The standoff began Friday when deputies went to the farm after neighbors said Crosslin was burning buildings on his property. The sheriff"s department said an anonymous call warned them that the fire was set up to ambush police, so officers set up a perimeter around the camp for safety reasons.

Rohm lived at the campground with Crosslin, 47. Crosslin was shot after pointing a gun at an FBI agent, Underwood said. He had become agitated after authorities denied a request for negotiations through a third party, Underwood said.

Rohm"s stepfather, John Livermore, said he thinks his son walked out of the residence expecting to see his son. He said the family may pursue legal action against the FBI and state police.

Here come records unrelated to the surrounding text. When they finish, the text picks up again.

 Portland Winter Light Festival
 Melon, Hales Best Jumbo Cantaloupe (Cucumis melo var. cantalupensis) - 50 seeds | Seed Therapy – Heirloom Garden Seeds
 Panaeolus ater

"Rollie himself is not violent. He was slow, he was easy-led. He had a learning disability and he trusted them (police)," said Livermore of Rogersville, Tenn. He said he didn"t know the exact nature of the disability.

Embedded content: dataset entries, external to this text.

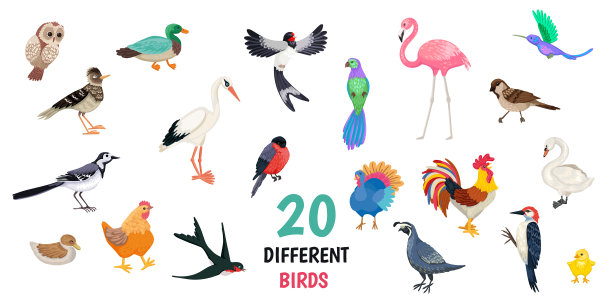 集家养鸟类和野生鸟类一种图片下载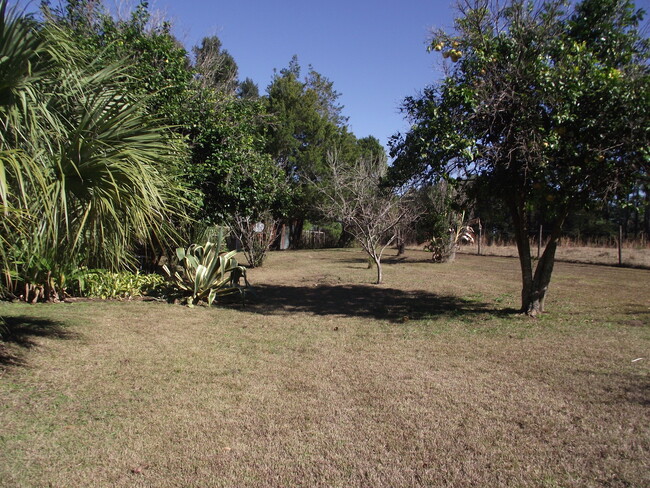 Building Photo - Gorgeous Rustic Home in Alachua!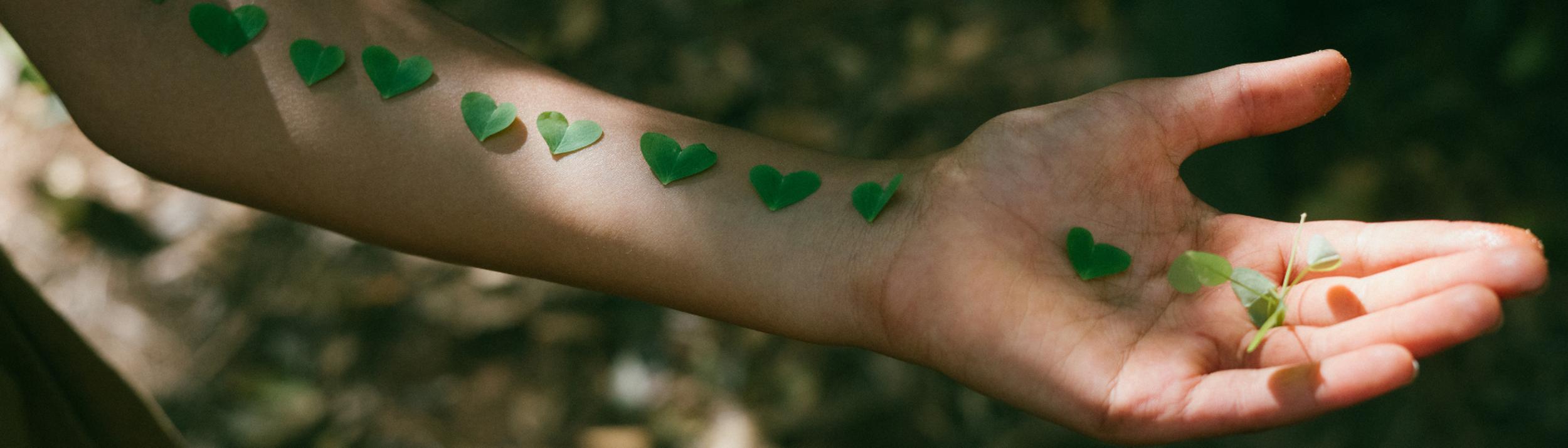 Cover Image for Calendar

Rohm"s mother, Gerry Livermore, said earlier that she had feared there might be a confrontation between Crosslin and her son and police.

She said the police "wanted to shut the campground down and what better way to do it than to get rid of Tom," said Livermore, 46. She went to high school in Indiana with Crosslin.

The Livermores drove from Tennessee after learning of the standoff on their local television station.

Dori Leo, Crosslin"s and Rohm"s attorney, said she spoke to Rohm late Monday night and had planned to return Tuesday to try to persuade him to leave the farm peacefully. Rohm and his 12-year-old son, who was placed in foster care about a month or two ago, had lived with Crosslin "as a family unit" for at least five years, Leo said.

Leo said Crosslin was upset because Rohm"s son, who he helped raise, had been taken from the home.

Authorities arrested Crosslin and five others in May after a two-year investigation into allegations of marijuana use at the 34-acre campground, about 30 miles northeast of South Bend, Ind. Crosslin was charged with felony possession of a firearm, growing marijuana and maintaining a drug house.

"Because of those criminal charges, his farm was in jeopardy of being taken away. ... Now you have a man who is confronted with losing his family unit," Leo said. "Tom and (Rolland) were going to stay on the farm and they were not going to leave it no matter what."

She said Rohm also had faced criminal charges.